Он уходил совершенно свободным человеком, хотя весь мир состоял к этому времени, в сущности, только из рабов и хозяев. Уходил потому, что он сам так решил (как решили в свое время Эмпедокл, Фемистокл, Демокрит, как решил это Сократ). Он уходил потому, что он сделал все или почти что все из того, для чего был рожден, и не хотел, не допускал даже мысли о том, что когда-нибудь немощь и бессилие заставят его поступиться хотя бы крошечной долей той свободы, той независимости духа, помыслов и деяний, которая одна только и есть подлинно человеческая жизнь: «Я предупредил тебя, судьба, и принял меры против твоих тайных угроз. Я не сдамся ни тебе, ни чему-либо другому. Но когда явится необходимость расстаться с жизнью, то смело отрешись от нее и от всех, кто по своей пустоте скован ею; мы выйдем из жизни с прекрасными словами на устах и возгласим: «Хорошо мы пожили!»
ЭПИЛОГ
Сооруженное им здание может когда-нибудь разрушиться, но фигура самого творца останется нетронутой посреди развалин.

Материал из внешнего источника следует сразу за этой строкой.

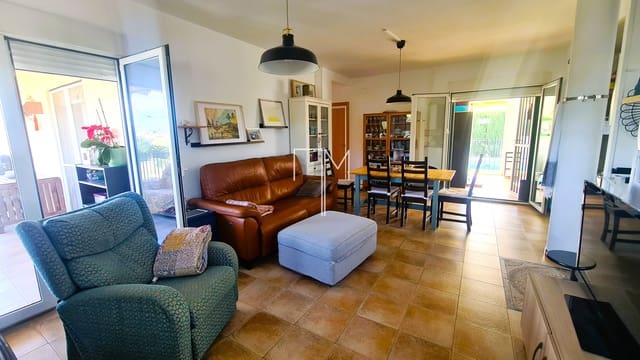 5 makuuhuone Huvila myytävänä paikassa Alberic mukana uima-altaan 
autotalli - 365 000 € (Ref: 9624209)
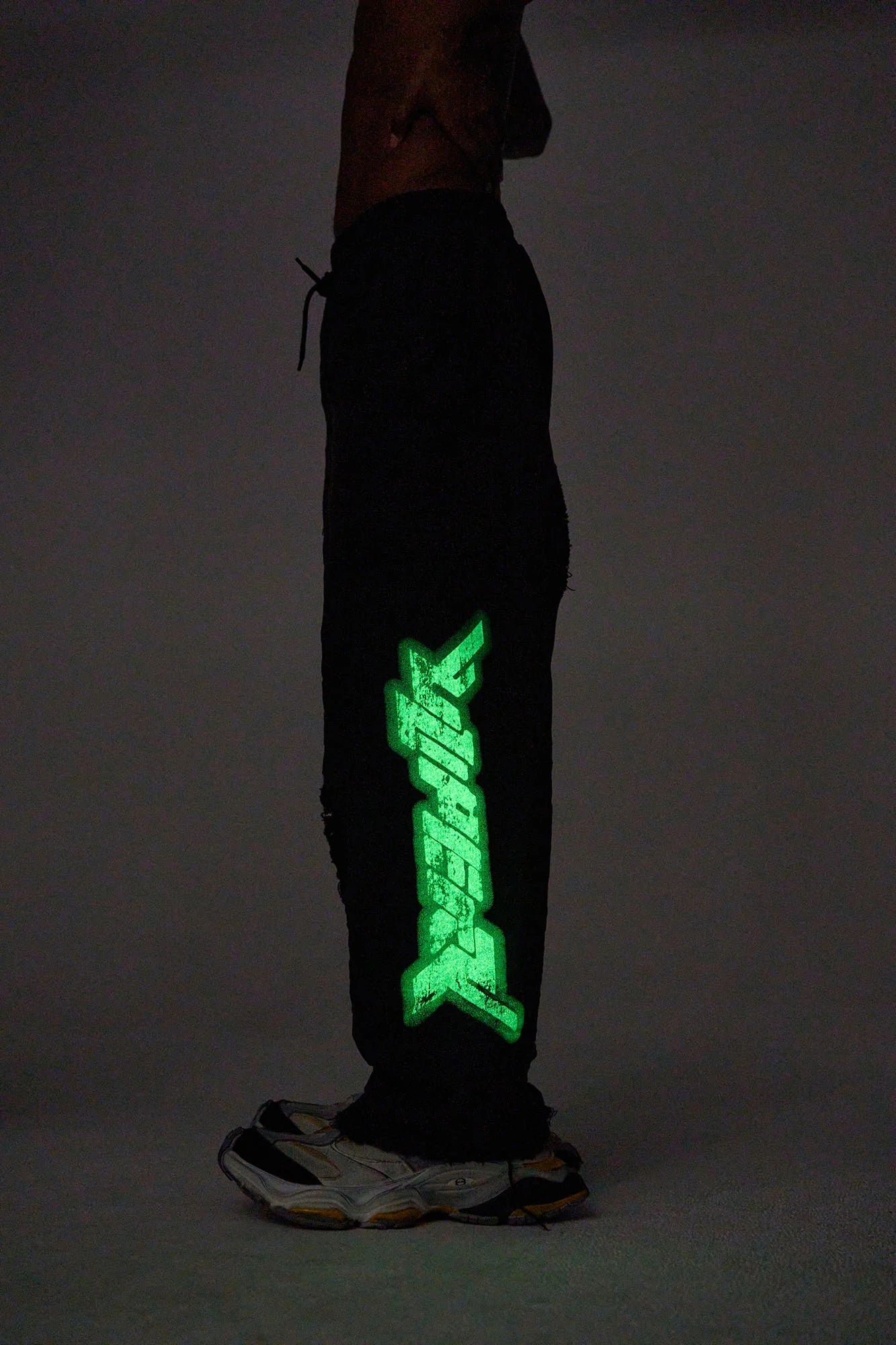ULIPERY Distressed Glow Crinkled Sweatpants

«Немногие люди и немногие доктрины, — пишет о философской системе Эпикура швейцарский эллинист А. Боннар, — вызывали как у современников, так и в последующие времена больше страстности и больше противоположных суждений, чем Эпикур и его учение». И действительно, для тех, кто верил или же стремился поверить в бессмертие души, в божественный промысел, в высшую предопределенность человеческого существования, эпикуреизм сделался символом самого грубого материализма — материализма чрева, он казался апологией самой низменной жизни, чуждой всего возвышенного, неземного. Для тех же, кто верил в возможность выбора для человека, в свободу его ума и воли, Эпикур стал на долгие времена наставником и другом, вневременным современником, образцом бесстрашия и жизнестойкости.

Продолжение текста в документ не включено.